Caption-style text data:
..........

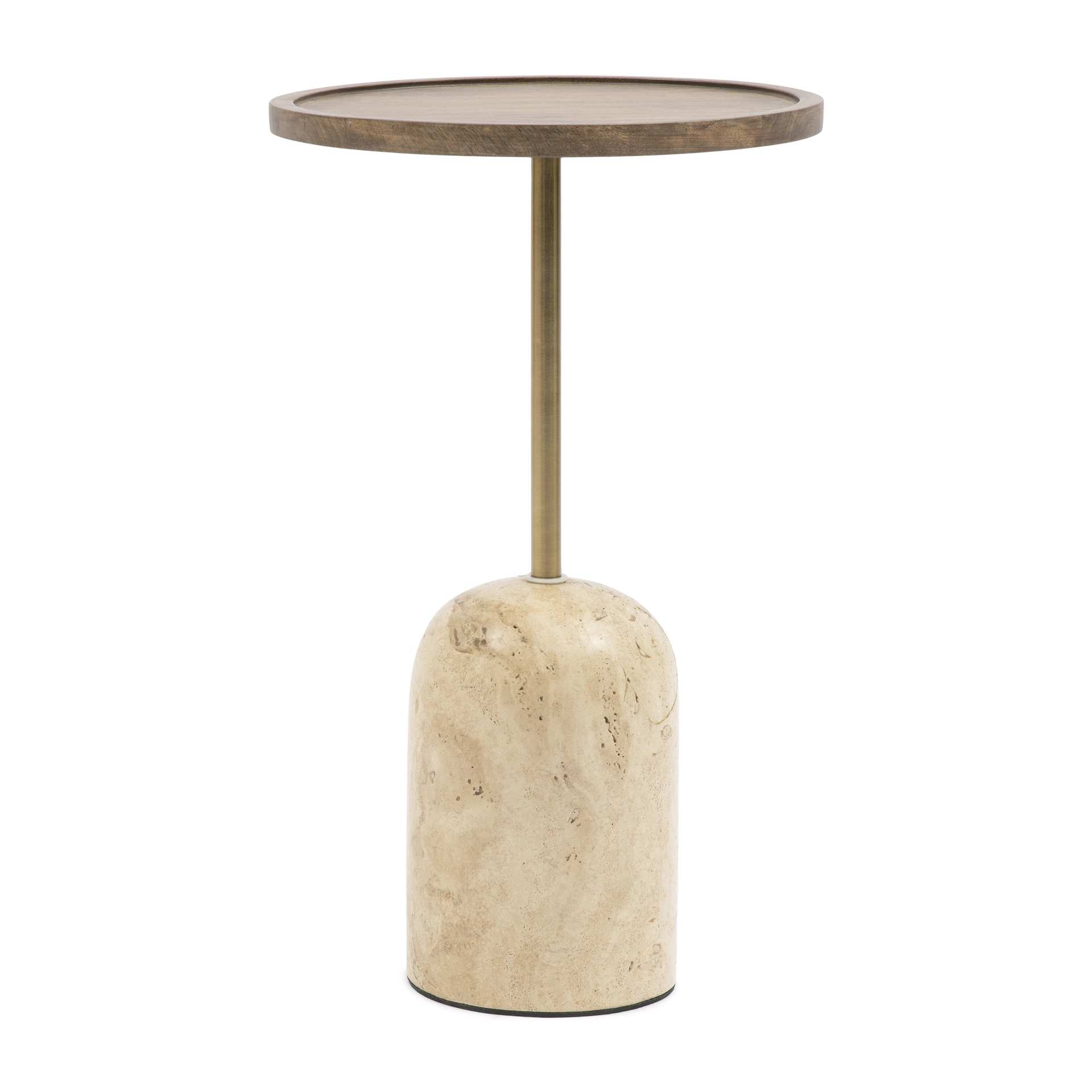Rivièra Maison Malibu Bijzettafel | Mangohout | H55 x D35 cm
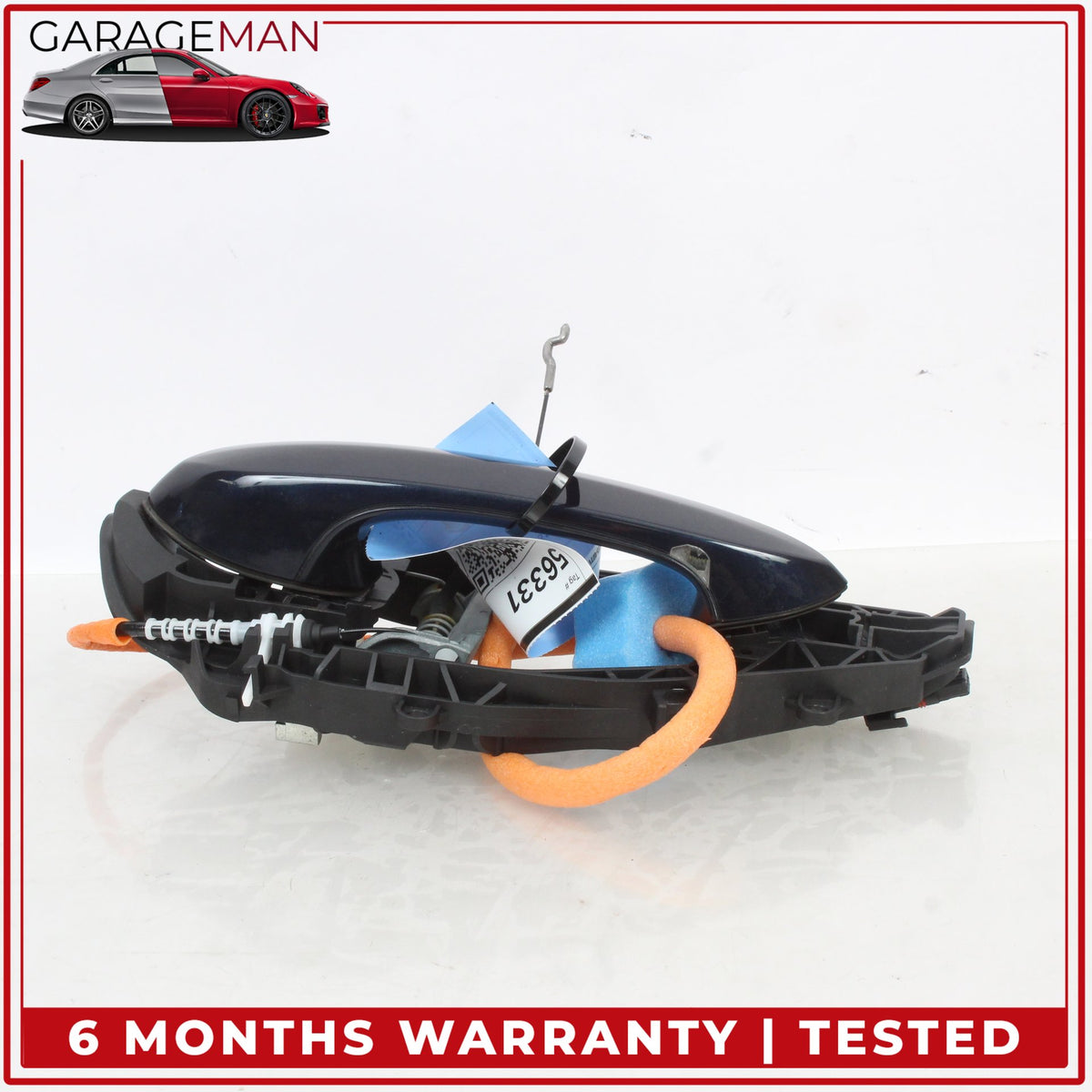 2017-2026 BMW 530e Right Passenger Side Exterior Door Handle Blue Metallic OEM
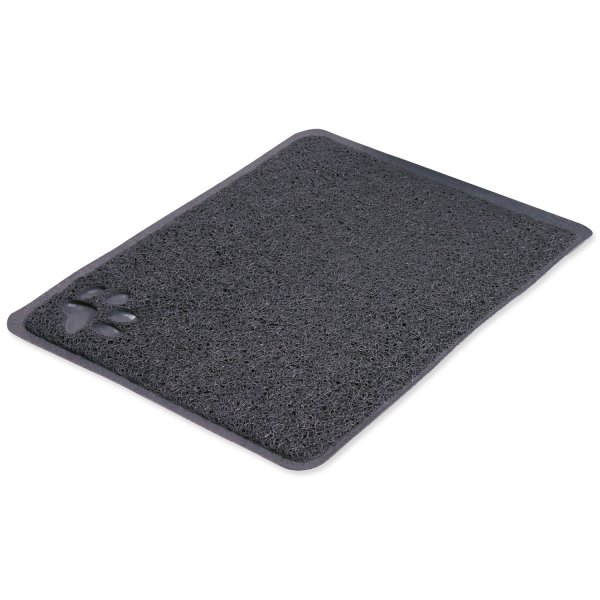 PVC predložka s labkou, sivá k WC 45 x 37 cm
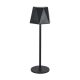 V-TAC 1.5W fekete, érintéssel vezérelhető akkumulátoros LED lámpa, CCT - SKU 10330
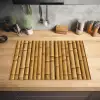 Rustiek - Bamboe - Stokken Inductie beschermer vinyl 3mm klein 276 -sfeer5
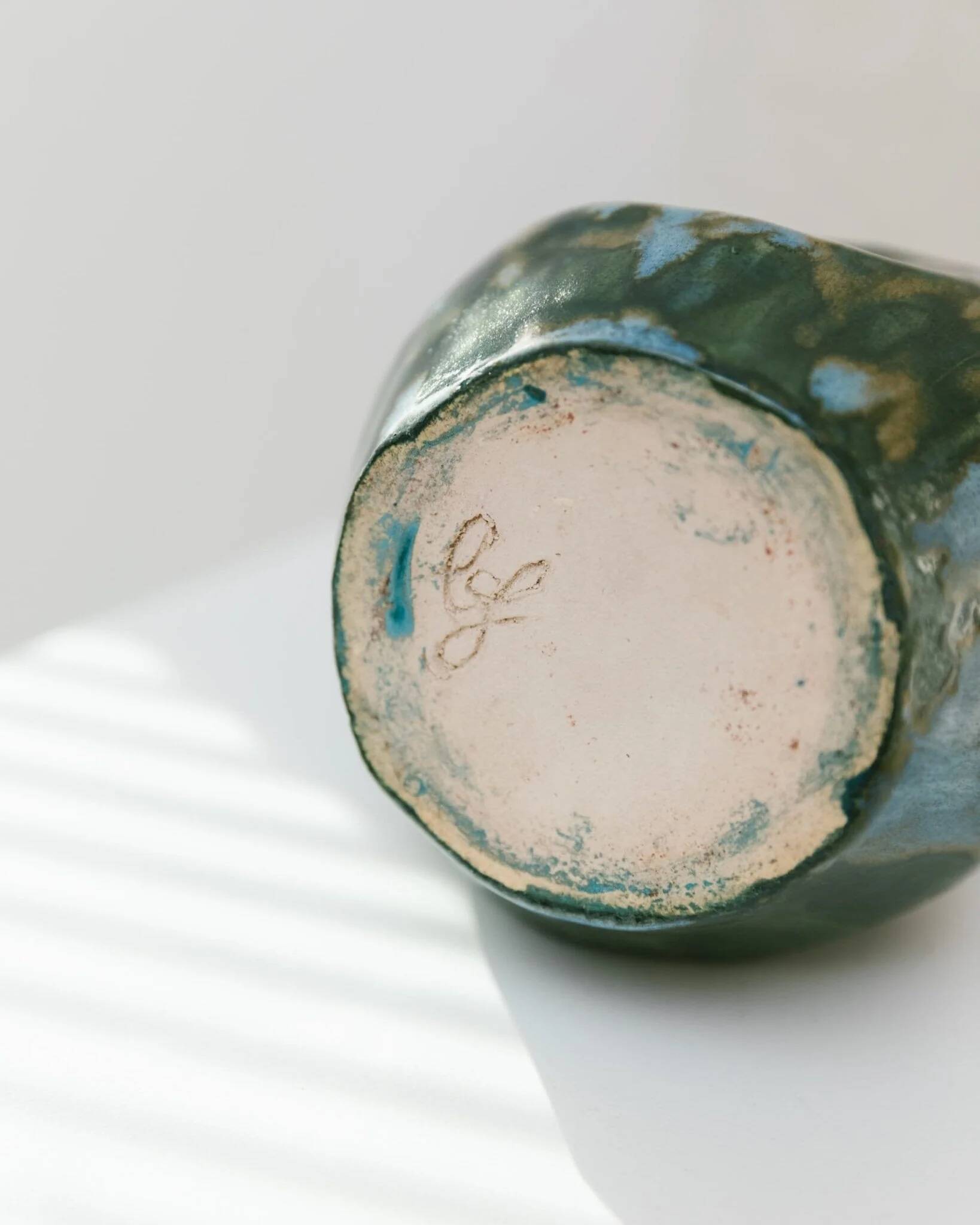 Ceramic vase - Handmade in Italy - Studio pottery - 1970s
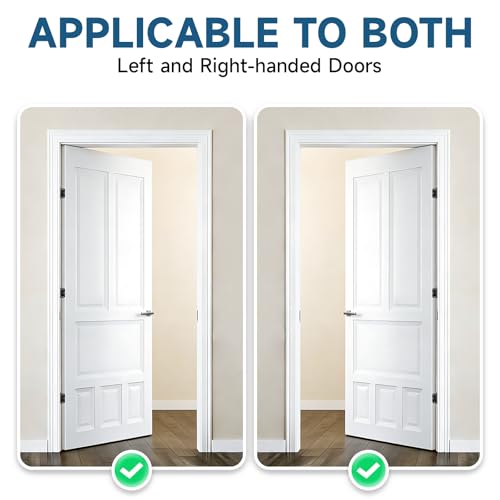 2 Pack 4 Inch Self Closing Door Hinges, Gloss Black - color: 4" - Gloss Black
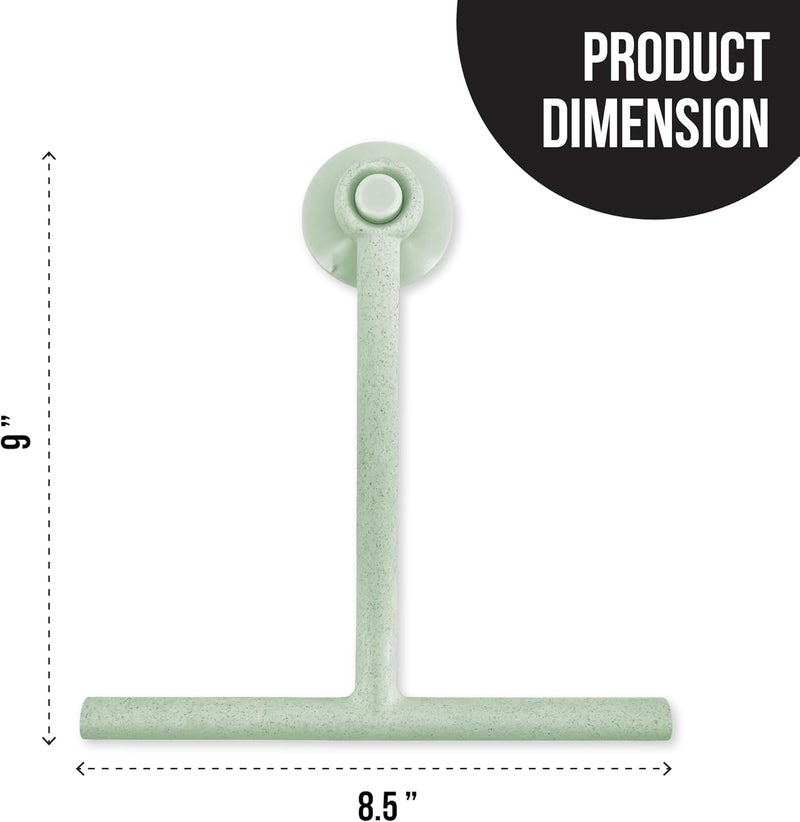 Splash Home Jasmine Eco-Friendly Shower Squeegee, Green - Image 3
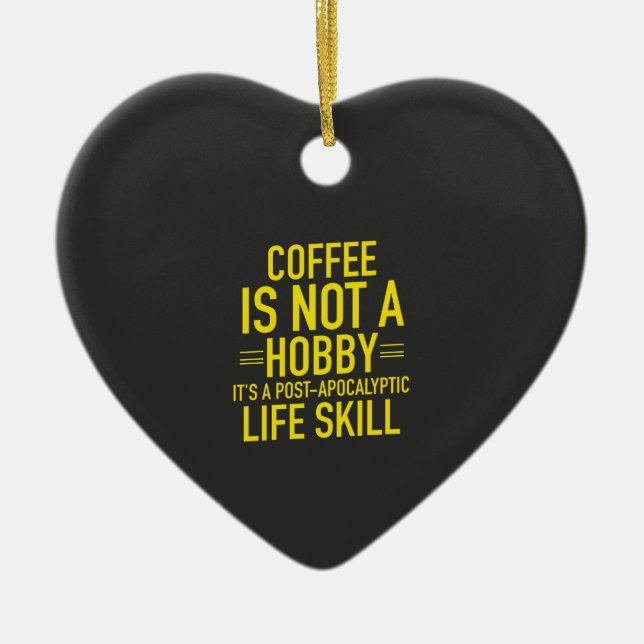 Funny Coffee Keramik Ornament (Vorne)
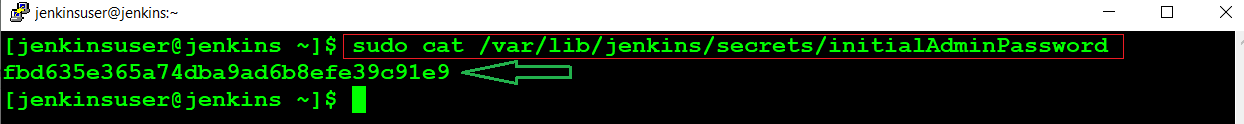How to Install Jenkins on Alma Linux 9.2 - 10 - Get Jenkins Initial Password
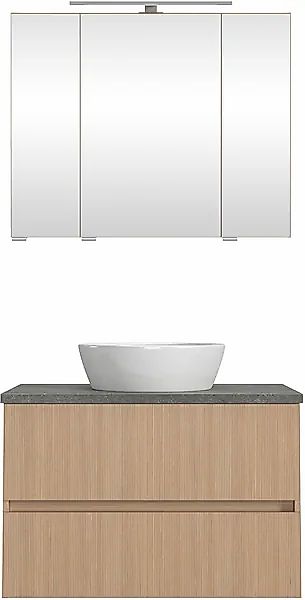 welltime Badmöbel-Set »80 cm breit, Badmöbel mit LED-Beleuchtung«, Held Möb günstig online kaufen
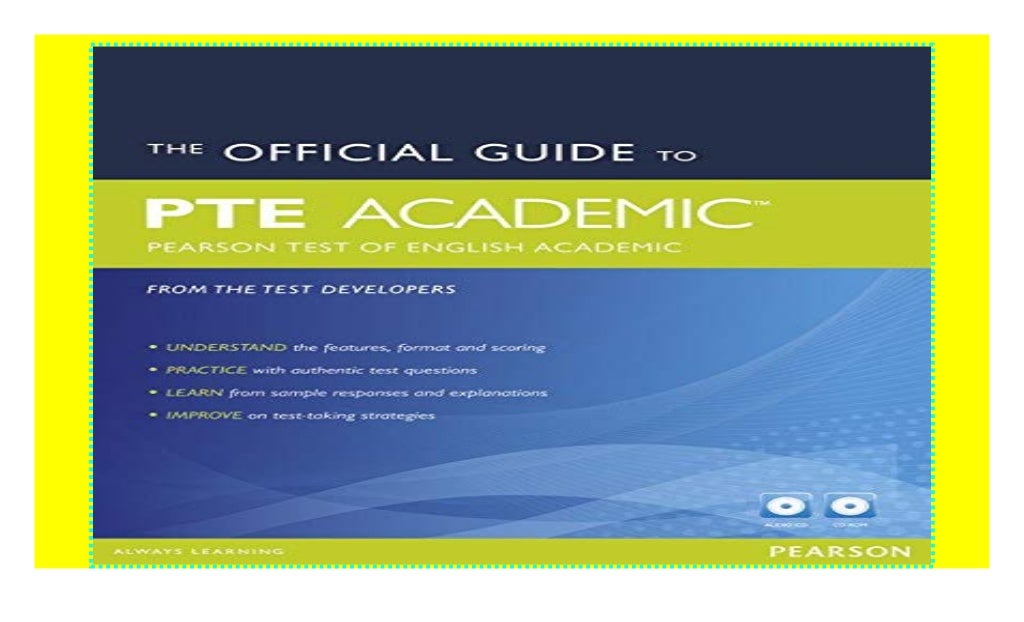 The Official Guide to the Pearson Test of English Academic New Edition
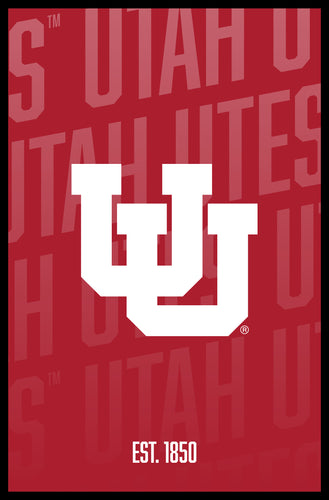 Utah Utes Vintage College Poster Officially Licensed Collegiate Product 16 x 24-Inches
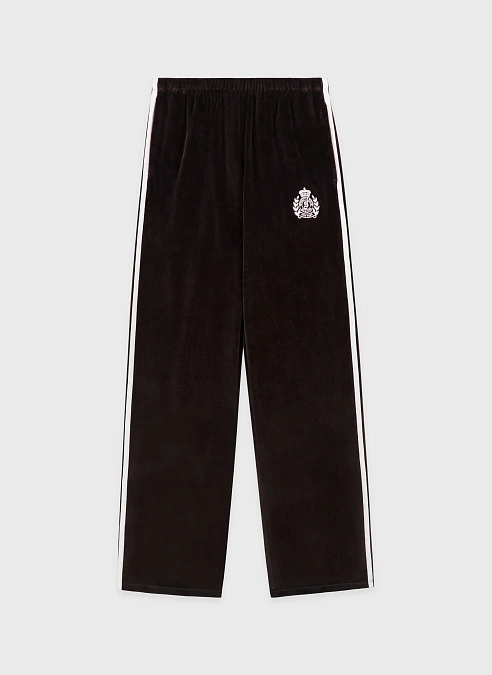 Брюки NY Crest Velour Sweatpant Chocolate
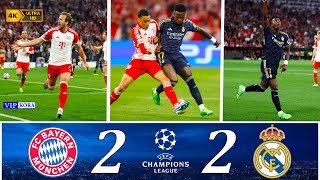 Bayern Munich 22 Real Madrid UCL 2024 Extended Highlights amp Goals 4k UHD 2160P 🎤 عصام الشوالى [upl. by Elrae]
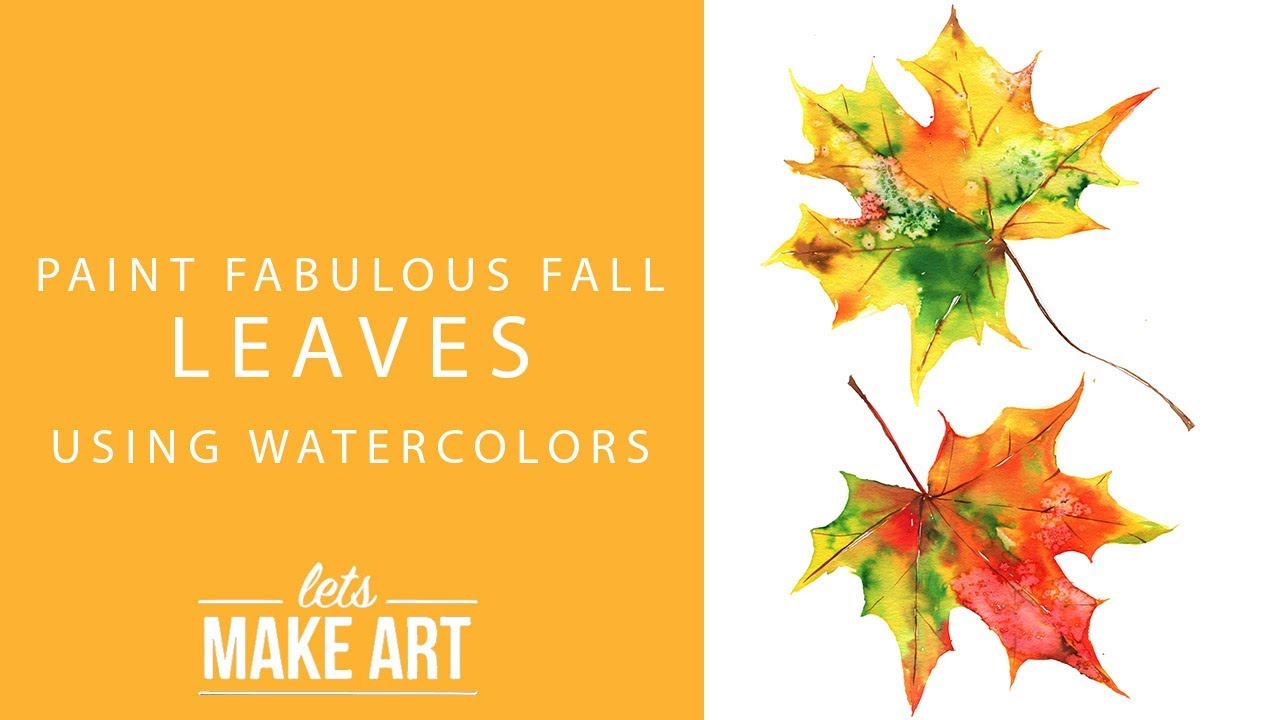 Fall Leaves Watercolor Tutorial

..........

» **Activity**
An exact copy of every entry above is required, without the pictures.

» **Response box**
Rivièra Maison Malibu Bijzettafel | Mangohout | H55 x D35 cm
 2017-2026 BMW 530e Right Passenger Side Exterior Door Handle Blue Metallic OEM
 PVC predložka s labkou, sivá k WC 45 x 37 cm
 V-TAC 1.5W fekete, érintéssel vezérelhető akkumulátoros LED lámpa, CCT - SKU 10330
 Rustiek - Bamboe - Stokken Inductie beschermer vinyl 3mm klein 276 -sfeer5
 Ceramic vase - Handmade in Italy - Studio pottery - 1970s
 2 Pack 4 Inch Self Closing Door Hinges, Gloss Black - color: 4" - Gloss Black
 Splash Home Jasmine Eco-Friendly Shower Squeegee, Green - Image 3
 Funny Coffee Keramik Ornament (Vorne)
How to Install Jenkins on Alma Linux 9.2 - 10 - Get Jenkins Initial Password
 welltime Badmöbel-Set »80 cm breit, Badmöbel mit LED-Beleuchtung«, Held Möb günstig online kaufen
 The Official Guide to the Pearson Test of English Academic New Edition
 Utah Utes Vintage College Poster Officially Licensed Collegiate Product 16 x 24-Inches
 Брюки NY Crest Velour Sweatpant Chocolate
 Bayern Munich 22 Real Madrid UCL 2024 Extended Highlights amp Goals 4k UHD 2160P 🎤 عصام الشوالى [upl. by Elrae]
 Fall Leaves Watercolor Tutorial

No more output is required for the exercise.